Exercise instructions:
An exact repetition of the data is required; no picture should appear in it.

Dataset section:
---+---

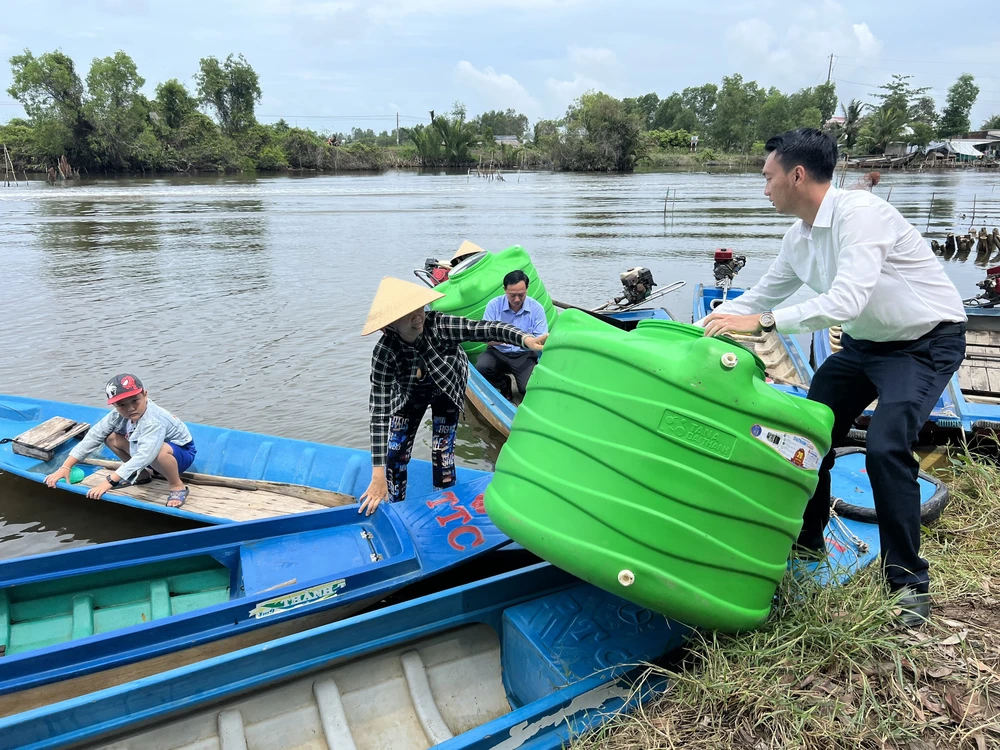 Tân Á Đại Thành: Một hành trình chuyên tâm “Cộng hưởng giá trị - Lan tỏa phồn vinh”- Ảnh 22. Tân Á Đại Thành: Một hành trình chuyên tâm “Cộng hưởng giá trị - Lan tỏa phồn vinh”- Ảnh 22.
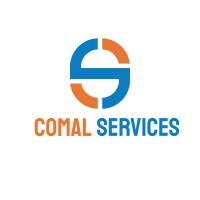 Comal Services - Recruitment Agency Profile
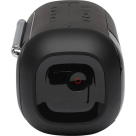 Портативная колонка JBL Tuner 2 - фото 5
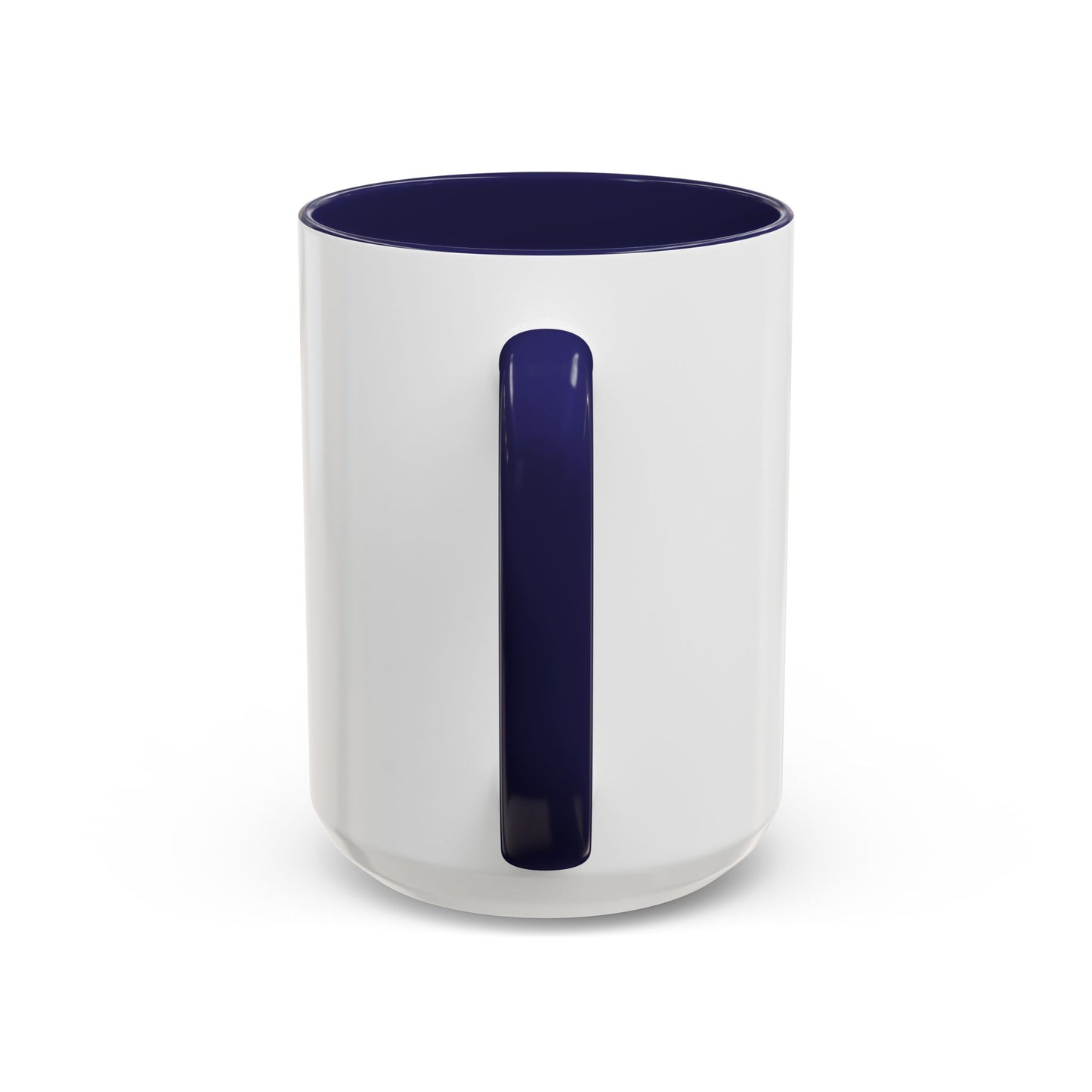 Teacher Coffee Mug (11/15 oz)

---+---

Your response:
 Tân Á Đại Thành: Một hành trình chuyên tâm “Cộng hưởng giá trị - Lan tỏa phồn vinh”- Ảnh 22. Tân Á Đại Thành: Một hành trình chuyên tâm “Cộng hưởng giá trị - Lan tỏa phồn vinh”- Ảnh 22.
 Comal Services - Recruitment Agency Profile
 Портативная колонка JBL Tuner 2 - фото 5
 Teacher Coffee Mug (11/15 oz)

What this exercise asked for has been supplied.